WHAT TO WORK ON — Transcribe the listing below exactly, without pictures.

DATA —
====
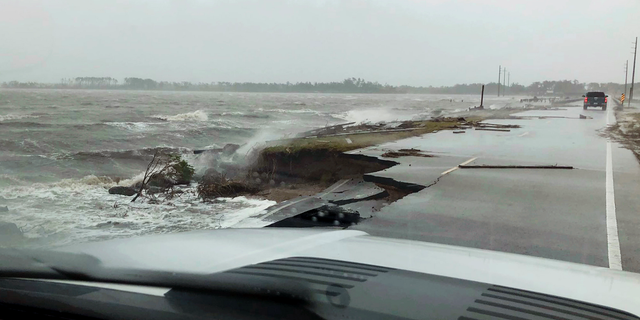 In this photo provided by Jordan Guthrie, wind and water from Hurricane Florence damages the highway leading off Harkers Island, N.C. on Friday, Sept. 14, 2018. (Jordan Guthrie via AP)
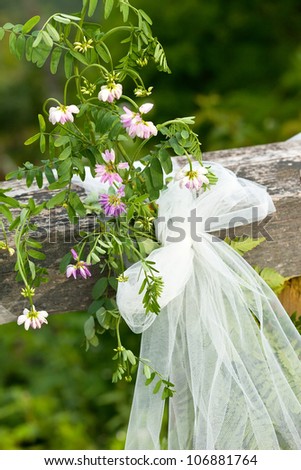 Cut wild flowers tied with lace ribbon on wooden fence post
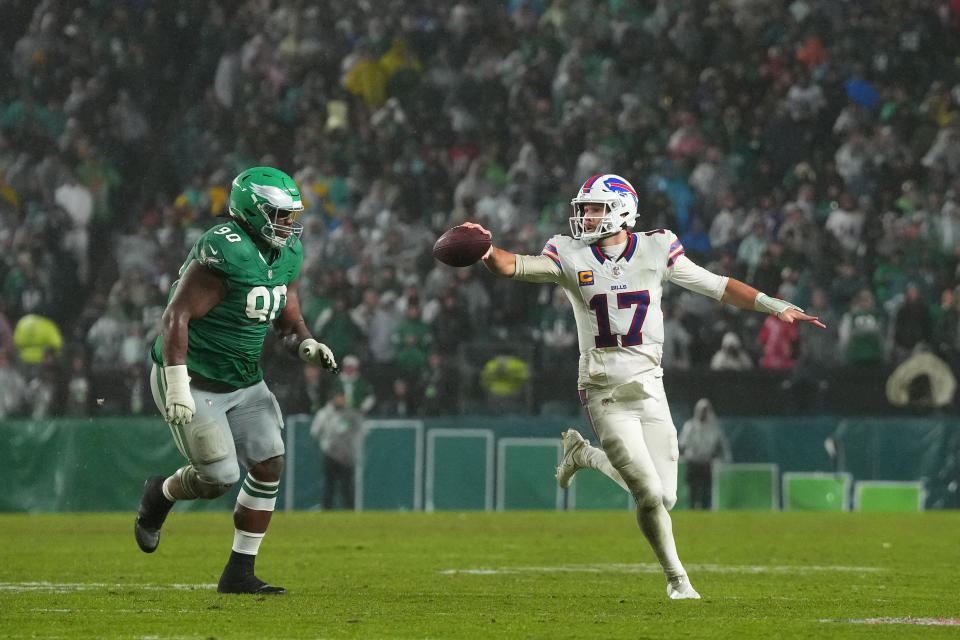 PHILADELPHIA, PENNSYLVANIA – NOVEMBER 26: Josh Allen #17 of the Buffalo Bills runs past Jordan Davis #90 of the <a class="link " href="https://sports.yahoo.com/nfl/teams/philadelphia/" data-i13n="sec:content-canvas;subsec:anchor_text;elm:context_link" data-ylk="slk:Philadelphia Eagles;sec:content-canvas;subsec:anchor_text;elm:context_link;itc:0">Philadelphia Eagles</a> during overtime at Lincoln Financial Field on November 26, 2023 in Philadelphia, Pennsylvania. (Photo by Mitchell Leff/Getty Images)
====
ANSWER BOX —
 In this photo provided by Jordan Guthrie, wind and water from Hurricane Florence damages the highway leading off Harkers Island, N.C. on Friday, Sept. 14, 2018. (Jordan Guthrie via AP)
 Cut wild flowers tied with lace ribbon on wooden fence post
 PHILADELPHIA, PENNSYLVANIA – NOVEMBER 26: Josh Allen #17 of the Buffalo Bills runs past Jordan Davis #90 of the <a class="link " href="https://sports.yahoo.com/nfl/teams/philadelphia/" data-i13n="sec:content-canvas;subsec:anchor_text;elm:context_link" data-ylk="slk:Philadelphia Eagles;sec:content-canvas;subsec:anchor_text;elm:context_link;itc:0">Philadelphia Eagles</a> during overtime at Lincoln Financial Field on November 26, 2023 in Philadelphia, Pennsylvania. (Photo by Mitchell Leff/Getty Images)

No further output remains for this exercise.